**WHAT NEEDS TO BE DONE:**
Below are entries; copy exactly the lines from the one with "2023 Toyota Highlander L photo 29" through the one with "フランス代表選手たちの「最新私服ファッション」を見まくる！｜写真8", both included, and leave out the rest.

**PROVIDED INFORMATION:**
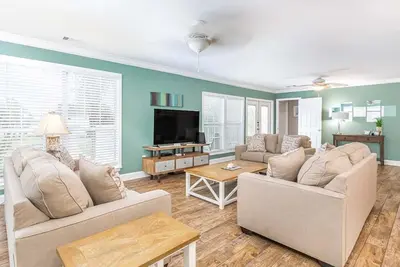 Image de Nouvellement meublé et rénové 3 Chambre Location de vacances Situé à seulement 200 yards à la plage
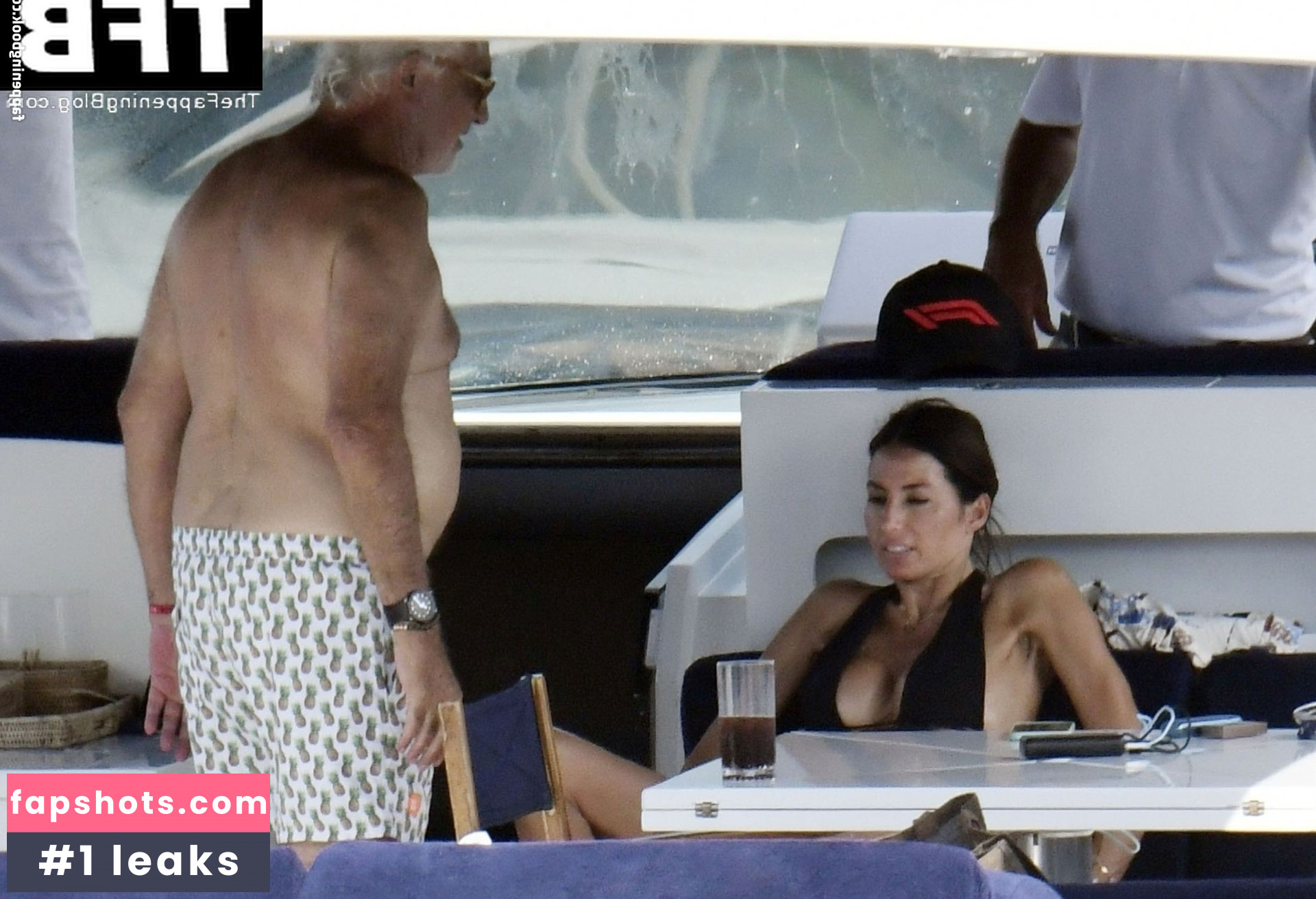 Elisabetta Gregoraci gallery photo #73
* * *
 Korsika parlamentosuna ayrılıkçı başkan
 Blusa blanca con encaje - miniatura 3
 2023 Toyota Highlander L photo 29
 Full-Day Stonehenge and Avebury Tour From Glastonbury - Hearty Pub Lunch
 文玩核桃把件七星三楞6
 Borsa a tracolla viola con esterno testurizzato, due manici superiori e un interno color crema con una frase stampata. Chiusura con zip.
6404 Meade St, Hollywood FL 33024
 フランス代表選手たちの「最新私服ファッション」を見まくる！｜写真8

**EXERCISE OUTPUT:**
 2023 Toyota Highlander L photo 29
 Full-Day Stonehenge and Avebury Tour From Glastonbury - Hearty Pub Lunch
 文玩核桃把件七星三楞6
 Borsa a tracolla viola con esterno testurizzato, due manici superiori e un interno color crema con una frase stampata. Chiusura con zip.
6404 Meade St, Hollywood FL 33024
 フランス代表選手たちの「最新私服ファッション」を見まくる！｜写真8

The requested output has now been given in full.